In my eight years working in Marketing at BlueArc, a network storage provider, from 2001-09, I often found we would put practically all our engineering resources on one product line instead of another, instead of assigning some product leads to one task and a second group to the other. We would go "all in" on the high end product, launch it, and then turn around and go full bore on the low end product, and then repeat. There was no balance at all - the result of having a scarcity of people available and trying to compete with market heavyweights with significant resources.
In the meantime, while working on the successor to the current generation of hardware, our existing users practically served to annoy us with their problems which we hoped to eliminate once the new new thing came out. There always came a point in the support chain when we would find them an upgrade path to the next generation - if simply to alleviate the problems with the existing one.
Even earlier, when I was at 3Cube from 1999-2001, we had two product lines. One was a Web faxing service that wasn't sexy, but brought in practically all our revenue, especially from broadcast faxing customers. The second was a conference call and early stage Web meeting service. As I highlighted way back in 2006, our meeting platform was the first volley into building an online office suite called OfficeCube. Our small engineering resources were all focused on this future product - to promote the next stage in our growth, even while our existing customers saw innovation in our core service stall. I remember aggressive and frustrating discussions from our business development and sales lead who begged for us to do something to promote the product we were getting our money from, going so far to call our future suite vaporware - which eventually turned out correct.

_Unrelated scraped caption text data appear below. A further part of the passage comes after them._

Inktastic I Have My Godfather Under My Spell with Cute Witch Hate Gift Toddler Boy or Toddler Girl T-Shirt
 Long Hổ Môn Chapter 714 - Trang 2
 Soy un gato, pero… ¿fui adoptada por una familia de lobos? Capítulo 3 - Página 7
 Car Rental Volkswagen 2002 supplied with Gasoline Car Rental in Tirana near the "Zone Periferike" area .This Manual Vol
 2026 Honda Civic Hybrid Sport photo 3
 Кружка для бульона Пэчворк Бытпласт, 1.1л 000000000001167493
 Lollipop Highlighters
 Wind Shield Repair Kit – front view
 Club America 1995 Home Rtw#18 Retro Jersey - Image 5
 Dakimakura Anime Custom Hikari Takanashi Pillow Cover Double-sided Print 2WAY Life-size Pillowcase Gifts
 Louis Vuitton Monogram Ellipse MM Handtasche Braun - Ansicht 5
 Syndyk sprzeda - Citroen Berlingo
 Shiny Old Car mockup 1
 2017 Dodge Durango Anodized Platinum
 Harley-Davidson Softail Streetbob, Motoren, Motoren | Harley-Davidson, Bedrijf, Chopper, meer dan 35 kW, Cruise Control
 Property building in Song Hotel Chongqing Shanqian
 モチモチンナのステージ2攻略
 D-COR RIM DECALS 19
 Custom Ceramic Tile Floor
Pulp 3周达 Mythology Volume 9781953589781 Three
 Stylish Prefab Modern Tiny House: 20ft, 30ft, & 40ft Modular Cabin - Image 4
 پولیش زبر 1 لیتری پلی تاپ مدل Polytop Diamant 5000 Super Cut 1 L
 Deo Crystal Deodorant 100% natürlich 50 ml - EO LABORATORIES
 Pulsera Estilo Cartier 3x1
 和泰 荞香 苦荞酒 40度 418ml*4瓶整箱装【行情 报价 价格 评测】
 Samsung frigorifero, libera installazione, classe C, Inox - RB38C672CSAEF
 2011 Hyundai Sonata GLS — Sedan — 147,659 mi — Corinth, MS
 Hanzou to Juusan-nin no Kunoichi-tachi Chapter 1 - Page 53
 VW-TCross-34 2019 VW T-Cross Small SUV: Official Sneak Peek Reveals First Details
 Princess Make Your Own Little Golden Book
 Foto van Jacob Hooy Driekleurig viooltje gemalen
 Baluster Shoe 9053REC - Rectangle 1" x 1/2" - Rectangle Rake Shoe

For smaller companies, especially startups, where revenue has not materialized, a change in course to a future product is well-known as a pivot. It's easier to pivot when you're not walking away from an installed base and needing to have revenue each quarter than it is to tell an established company to change course. Apple's pivot from PC maker to lifestyle device maker took years and incredible effort - and their success is so well-known in part because it's so challenging. Other companies previously well-known for their hardware and software leadership turn, like product managers going the VC route, in companies that live off service and consulting revenue instead.
The topic of branding and marketing is a long one, with libraries full of books on what defines a company's personality and culture. When I see brand extensions from companies I know, I'm always curious what they're trying -- if this new product is a move to evolve their story, a grab at a growing market, a desire for an increased balance sheet, or if they can solve an issue for customers that nobody else can. When you start to tell your own customers that you represent something new now, and that what they've known you as and expected from you is changing, you had better know you're making the right move, and not abandoning what's concrete for something grounded mostly in potential.
Usual Disclosures: I work at Google, which is in a variety of businesses. This isn't intended as a commentary on any of those projects. I don't currently own any stock in Apple or Tesla, but have before and might again if the price is right.